Grilled Halloumi with Dark Forest Fruit Chutney
- chrisarazim

- 3 days ago
- 6 min read
If you have ever bitten into a piece of cold halloumi and felt that curious, almost musical squeak against your teeth, you already know that this is not a normal cheese. It announces itself differently. It behaves differently. And when it is grilled and served hot, it transforms into something that is very difficult to stop eating.
Halloumi is one of my favourite things on the Nectar menu, and I say that as someone who has eaten more of it than is probably reasonable. There is something deeply satisfying about a dish this simple that also has this much going on. A golden crust. A soft, yielding interior. The salt, the warmth, the slight caramelisation that happens in those final moments on the grill. Paired with the right things, it is one of those dishes that makes a table feel complete.
But before we get to how we serve it, it is worth understanding what halloumi actually is, because the story behind it is as interesting as the cheese itself.

A cheese with centuries behind it
Halloumi comes from Cyprus, and its roots go back further than most people realise. The earliest written records of its production date to the Byzantine period, which means Cypriots have been making and eating this cheese for well over a thousand years. It has always been a practical, working ingredient: something that could be preserved, transported, and cooked over an open fire without dissolving into the embers.
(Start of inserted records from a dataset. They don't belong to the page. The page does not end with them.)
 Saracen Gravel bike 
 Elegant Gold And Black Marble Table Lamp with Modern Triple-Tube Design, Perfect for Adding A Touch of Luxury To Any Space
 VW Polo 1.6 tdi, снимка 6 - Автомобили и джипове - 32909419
Traditionally, halloumi is made from a mixture of sheep's and goat's milk. The sheep's milk brings richness and a deeper, more complex flavour. The goat's milk adds a subtle sharpness and a cleaner finish. The balance between the two is part of what gives authentic Cypriot halloumi its distinctive character. Many commercial versions today use a proportion of cow's milk as well, which produces a milder, more neutral flavour, but the traditional recipe remains sheep and goat.
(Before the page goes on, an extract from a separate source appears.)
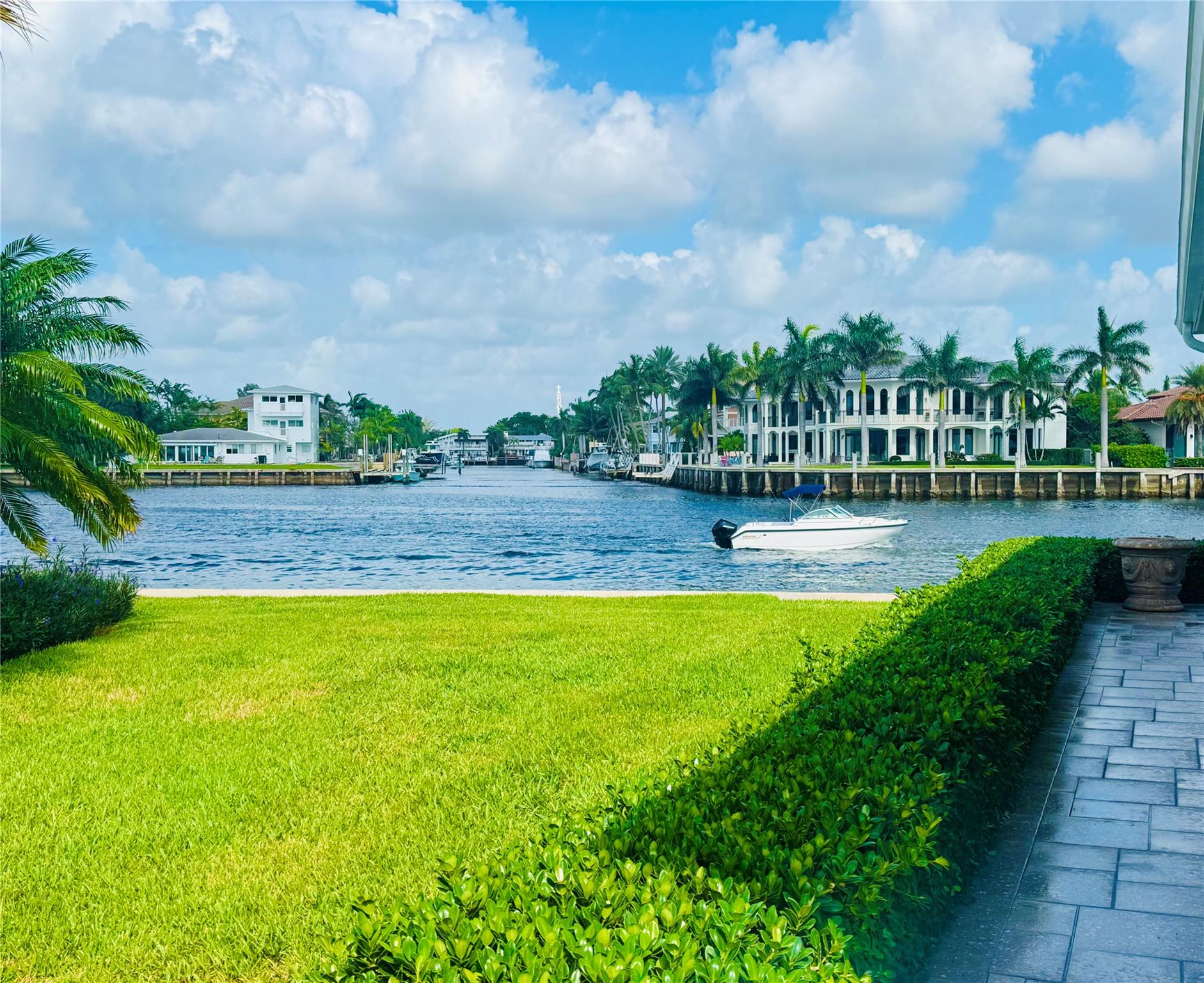 PALM YACHT & BEACH CLUB - Residential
In 2021, the European Union granted halloumi Protected Designation of Origin status, which means that to carry the full PDO certification, it must be produced in Cyprus to specific standards. This was a significant moment for Cypriot producers and a recognition of just how culturally important this cheese is to the island.
The science behind the squeak
That squeaking sound is one of halloumi's most distinctive and endearing qualities, and it comes down to the way the cheese is made.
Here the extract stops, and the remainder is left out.